#### PROVIDED ENTRIES:
↓↓↓

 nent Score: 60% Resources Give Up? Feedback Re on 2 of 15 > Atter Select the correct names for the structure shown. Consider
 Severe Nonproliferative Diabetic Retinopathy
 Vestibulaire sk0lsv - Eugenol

↑↑↑
↓↓↓

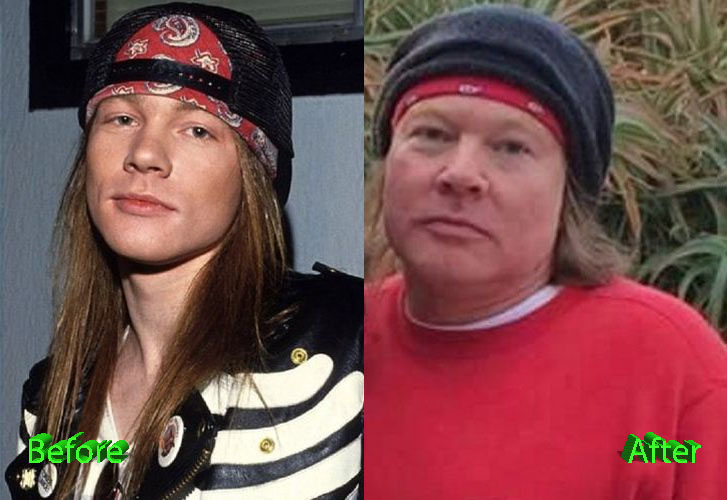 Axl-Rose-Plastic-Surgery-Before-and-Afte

↑↑↑

#### WHAT YOU ARE ASKED TO DO:
Leave out every line above except those from the line with "nent Score: 60%" up to and including the line with "Vestibulaire sk0lsv - Eugenol", and copy those exactly.

#### OUTPUT:
 nent Score: 60% Resources Give Up? Feedback Re on 2 of 15 > Atter Select the correct names for the structure shown. Consider
 Severe Nonproliferative Diabetic Retinopathy
 Vestibulaire sk0lsv - Eugenol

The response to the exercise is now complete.